Start of Block
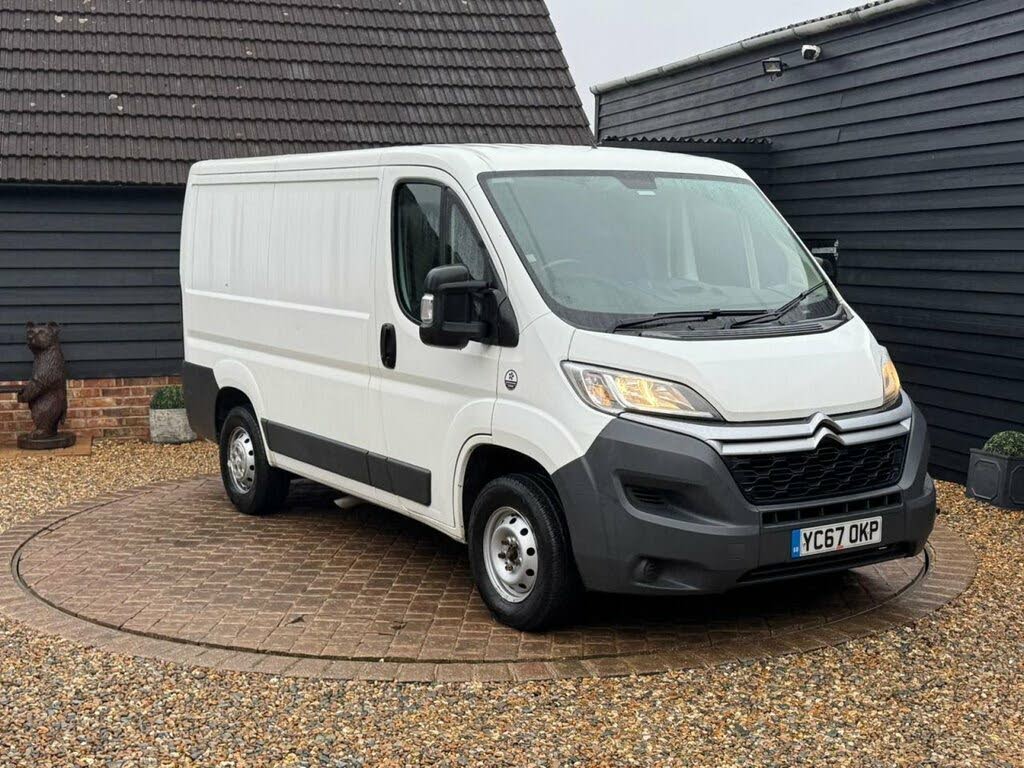 2017 Citroen Relay 2.0BlueHDi 30 L1H1 Enterprise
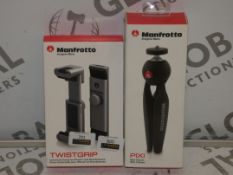 Manfrotto 2 Piece Universal Camera and Phone Acces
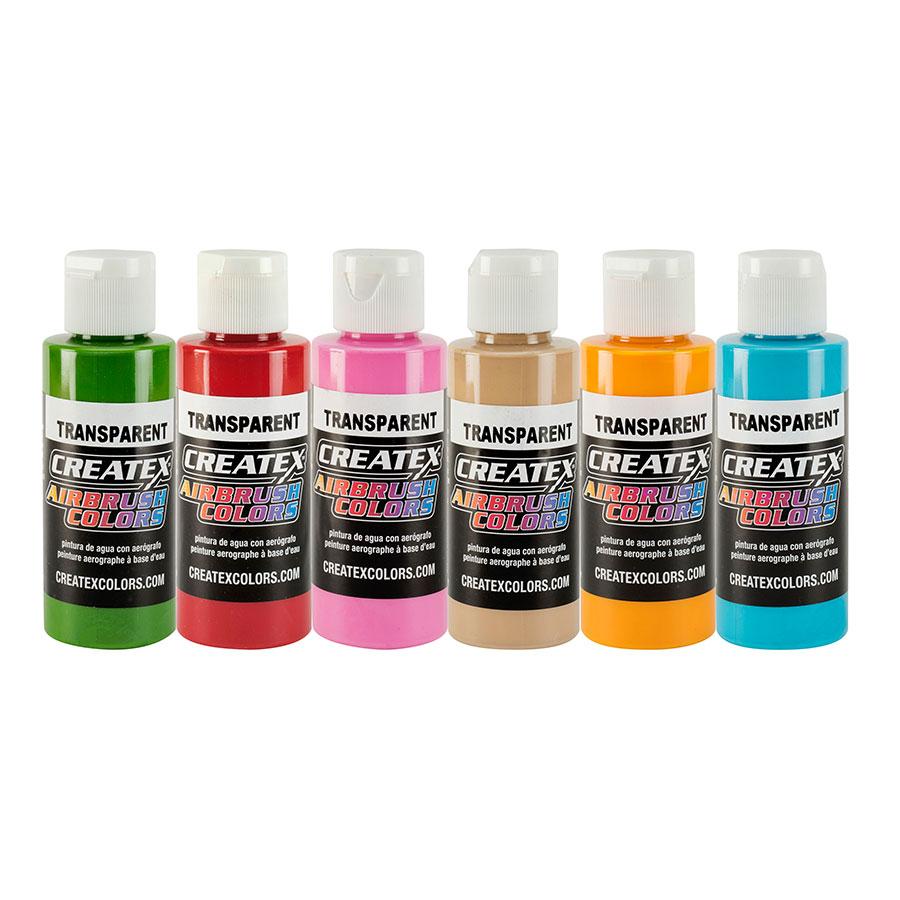 Createx Tropical Set 6x60ml  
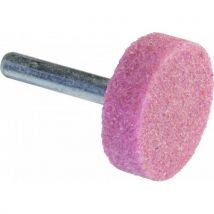 Meule Sur Tige Au Corindon Rose ° 30 Mm Façonnage Matériaux Scid - Bricoman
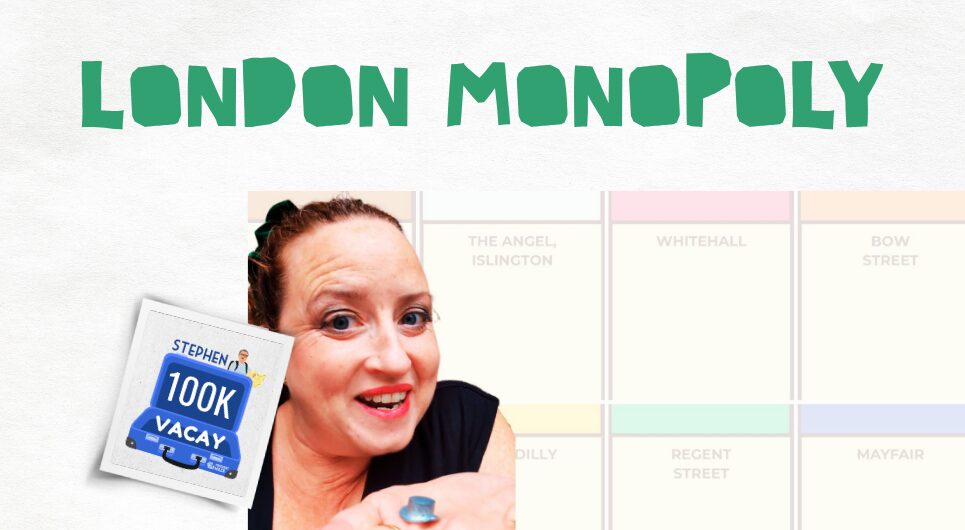 London Monopoly 100K Vacay Shae's account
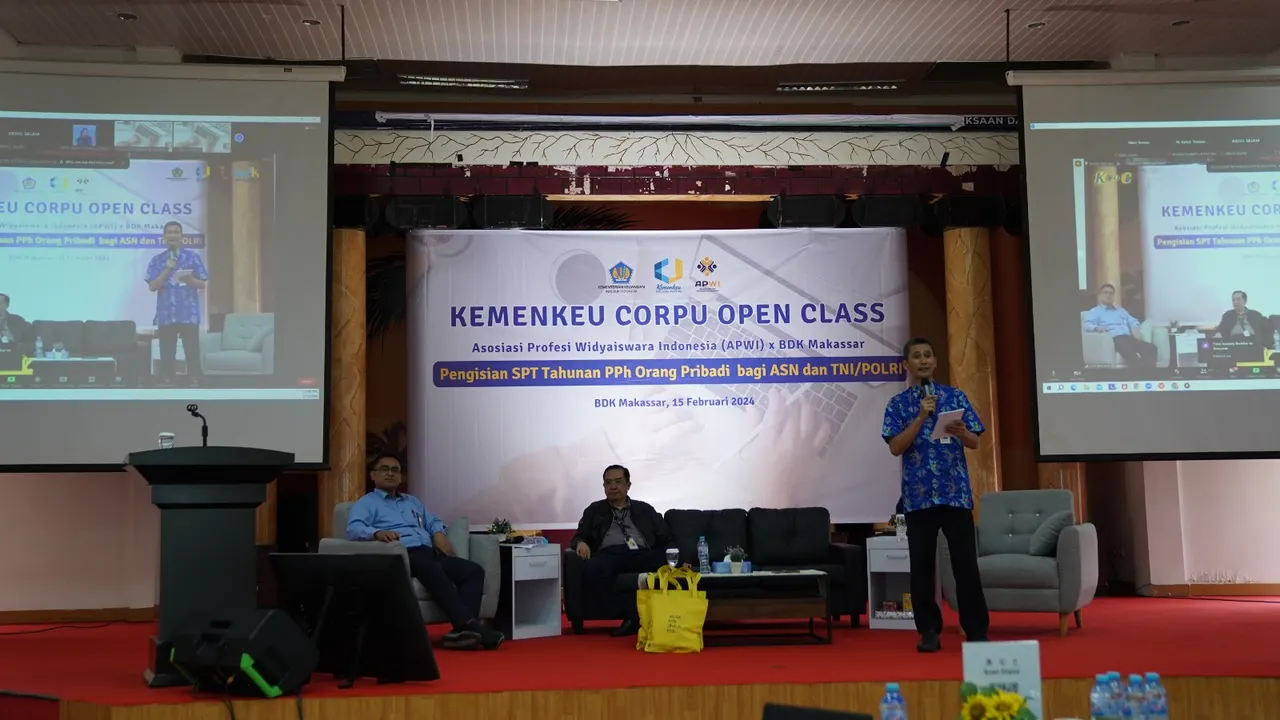 KCOC Perdana Tahun 2024: Pengisian SPT Tahunan PPh Orang Pribadi bagi ASN dan TNI/POLRI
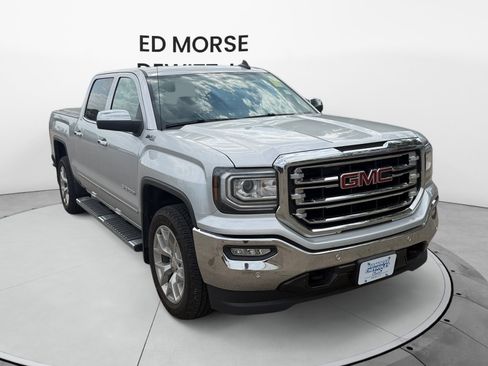 Used 2018 GMC Sierra 1500 SLT w/ SLT Premium Package AWD/4WD image 7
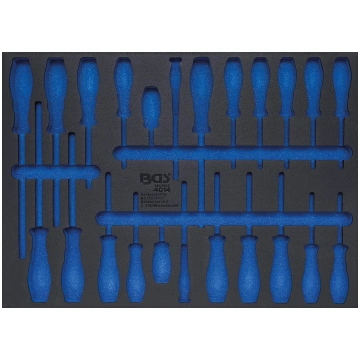 TOOL TRAY 3/3 | EMPTY | FOR BGS 4014 (4014-5) BGS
End of Block
Reproduce word for word the lines from the line holding "KCOC Perdana Tahun" through the last line of the material above, inclusive, and keep pictures out of it.

= Answer area =
 KCOC Perdana Tahun 2024: Pengisian SPT Tahunan PPh Orang Pribadi bagi ASN dan TNI/POLRI
 Used 2018 GMC Sierra 1500 SLT w/ SLT Premium Package AWD/4WD image 7
 TOOL TRAY 3/3 | EMPTY | FOR BGS 4014 (4014-5) BGS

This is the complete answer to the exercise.